-- EXERCISE DETAILS --
Both the line with "Tri-Edge Switch-Card D/3" and the line with "智能马桶适配挂球洁厕剂除臭" in the records below must appear in the output, along with every line between them, exactly and with nothing added.

-- Caption-style text data --
● ● ●

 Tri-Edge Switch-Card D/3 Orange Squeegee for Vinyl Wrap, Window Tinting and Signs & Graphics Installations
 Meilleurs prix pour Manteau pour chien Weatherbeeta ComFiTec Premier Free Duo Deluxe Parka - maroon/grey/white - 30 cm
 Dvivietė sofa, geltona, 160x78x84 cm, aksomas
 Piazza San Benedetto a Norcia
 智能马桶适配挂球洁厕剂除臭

● ● ●

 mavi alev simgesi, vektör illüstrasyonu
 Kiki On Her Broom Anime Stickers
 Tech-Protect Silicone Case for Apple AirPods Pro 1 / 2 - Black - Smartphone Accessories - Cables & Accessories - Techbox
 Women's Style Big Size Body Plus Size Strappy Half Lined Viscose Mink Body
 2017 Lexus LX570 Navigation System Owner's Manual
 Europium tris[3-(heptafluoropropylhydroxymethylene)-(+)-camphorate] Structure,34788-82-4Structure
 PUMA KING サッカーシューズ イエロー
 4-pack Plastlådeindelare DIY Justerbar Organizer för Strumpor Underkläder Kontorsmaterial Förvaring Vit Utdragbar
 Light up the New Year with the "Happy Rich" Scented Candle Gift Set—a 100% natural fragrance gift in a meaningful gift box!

● ● ●

-- RESULT OF THIS TASK --
 Tri-Edge Switch-Card D/3 Orange Squeegee for Vinyl Wrap, Window Tinting and Signs & Graphics Installations
 Meilleurs prix pour Manteau pour chien Weatherbeeta ComFiTec Premier Free Duo Deluxe Parka - maroon/grey/white - 30 cm
 Dvivietė sofa, geltona, 160x78x84 cm, aksomas
 Piazza San Benedetto a Norcia
 智能马桶适配挂球洁厕剂除臭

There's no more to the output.